Je n’ai pas eu l’occasion d’interviewer Buckley ni, par conséquent, d’apprécier l’homme. Comme tout le monde, j’ai été frappé de son refus d’attribuer toute influence artistique à son père, qui, de toute façon ceci explique sans doute cela ne l’avait pas élevé. Je n’ai appris à connaître la musique de Tim Buckley que vers le milieu des années 80. Encore n’ai-je eu la révélation de son génie qu’avec l’extraordinaire double CD Dream letter, enregistrement d’un concert à Londres en 1968. Tim Buckley avait créé une musique où, comme dans une maison ouverte, entrait qui voulait : folk, jazz, classique, puis funk. Ouverte à tous les vents, elle ne ressemblait à aucune autre, et l’on aimait se perdre dans les recoins marécageux du parc.

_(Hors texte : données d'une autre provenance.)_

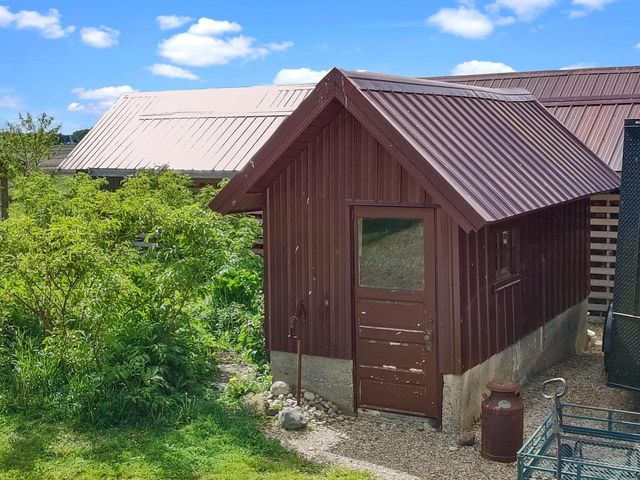 W5837 County Road A, Elkhorn, WI 53121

Jeff Buckley, lui, n’avait ni maison ni jardin. Plutôt une roulotte où il avait réuni tout ce qu’il aimait. De Tim, il avait sans doute hérité une approche de la musique ouverte et généreuse, si naturelle à la fin des années 60. Coller ensemble, comme l’avait fait Jeff Buckley dans Grace, les Smiths, Led Zeppelin et Benjamin Britten, beaucoup de musiciens auraient bien aimé le réaliser, mais peu seraient parvenus à l’imposer en 1994. Sans doute les règles du jeu imposent à l’artiste d’avoir un style unique et de s’y coller. Mais ce n’est pas la seule raison. Pour aller à contre-courant, comme Jeff Buckley, il faut être visionnaire. Comme compositeur, il se cherchait encore : les influences de Led Zep, sur Grace, étaient encore mal dégrossies ; comme arrangeur, il n’avait pas encore trouvé sa voie. En revanche, visionnaire, il l’était en s’appropriant les chansons des autres, comme Lilac wine et le Hallelujah de Cohen, qui devenait entre ses lèvres comme une révélation sacrée faite à chacun en particulier. Il voyait clair dans les chansons des autres. Il en tirait des évidences nues qui, comme la lumière du soleil, sont toujours dures à regarder en face.